Sainsbury’s, which has more than 1,000 stores across the UK, saw profit before tax drop by 39 per cent in 2020, falling from £586m to £356m.
The company, which also owns catalogue retailer Argos, said that the decrease was despite “strong” sales growth, which was offset by £485m of direct Covid-19 costs.
Digital sales during the year grew by 102 per cent, with sales in its grocery division up by 7.8 per cent and general merchandise sales up by 8.3 per cent.
However, fuel sales decreased by 39.1 per cent, dropping from £4.9bn to £3bn during the period.
This comes after the chain’s announcement in November that it was aiming to put food “back at the heart” of its operations.
Simon Roberts, chief executive of Sainsbury’s, commented: “Above all else, I want to recognise the extraordinary job that my colleagues have done over the last 12 months.
“Their efforts have been nothing short of heroic as our entire team went above and beyond every day for our customers and communities.
“I am enormously grateful to the whole team for the way they have risen to the huge challenges this year and so selflessly looked after our customers and each other.
“We have put our colleagues and customers first every step of the way and, as a result, delivered industry-leading safety in our stores and record levels of customer satisfaction.
“In a year like no other, our industry has stepped up and worked tirelessly across food supply chains to feed the nation and we are very proud of the part Sainsbury’s has played.

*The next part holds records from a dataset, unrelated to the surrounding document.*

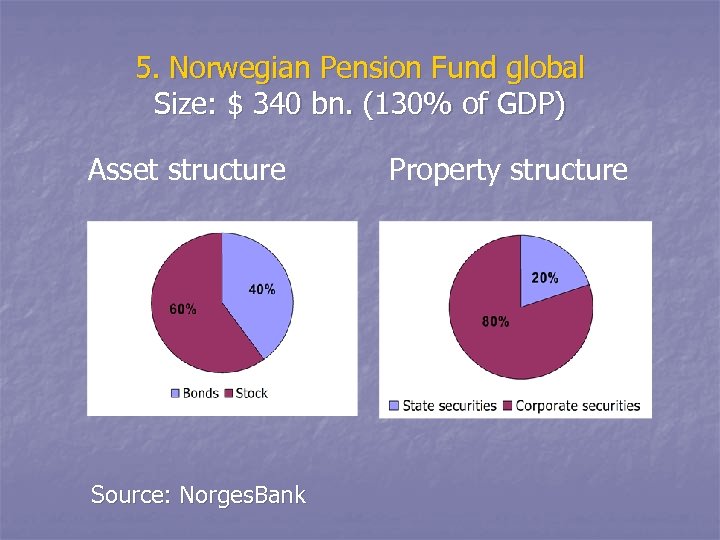 5. Norwegian Pension Fund global Size: $ 340 bn. (130% of GDP) Asset structure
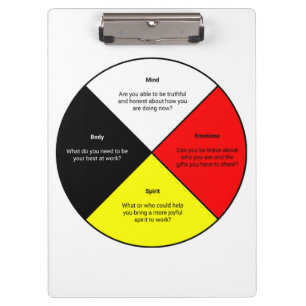 Wörter aus dem Medizinrad Klemmbrett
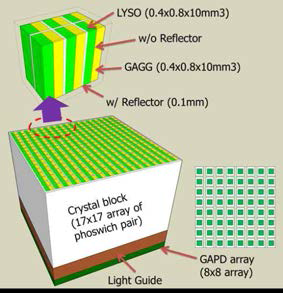 LYSO+GAGG 2종 섬광결정와 광가이드가 삽입한 광퍼짐형 검출기 디자인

“I also want to especially recognise our suppliers for all their support and partnership throughout this year in keeping goods flowing for our customers. They have done a fantastic job.
“This year’s financial results have been heavily influenced by the pandemic. Food and Argos sales are significantly higher, but the cost of keeping colleagues and customers safe during the pandemic has been high.
“Our full-year direct Covid-19 costs were £485 million, leading to a 39 per cent decrease in full-year underlying profit.
“We are pleased to propose a full-year dividend which is in line with last year, protecting shareholder income from the full impact of COVID-19 on profits.
“We have a bold three-year plan to put food back at the heart of Sainsbury’s and drive improved performance.
“We are transforming the way we work and I am encouraged by how all of our teams have responded and the early momentum and performance towards our plan.
“We have accelerated our digital transformation this year as we focus on serving customers however they want to shop with us.
“We have more than doubled our online grocery sales and have done this while improving profitability.
“Argos digital sales grew almost 70 per cent and our Argos transformation plan is on track to improve customer availability while reducing our costs.
“Like our customers, we are all looking forward to things feeling more normal over the coming months and getting excited about a summer of celebration, but we are also cautious about the economic outlook.
“While there is much that we cannot predict in the year ahead, we are absolutely focused on delivering for our customers and shareholders.”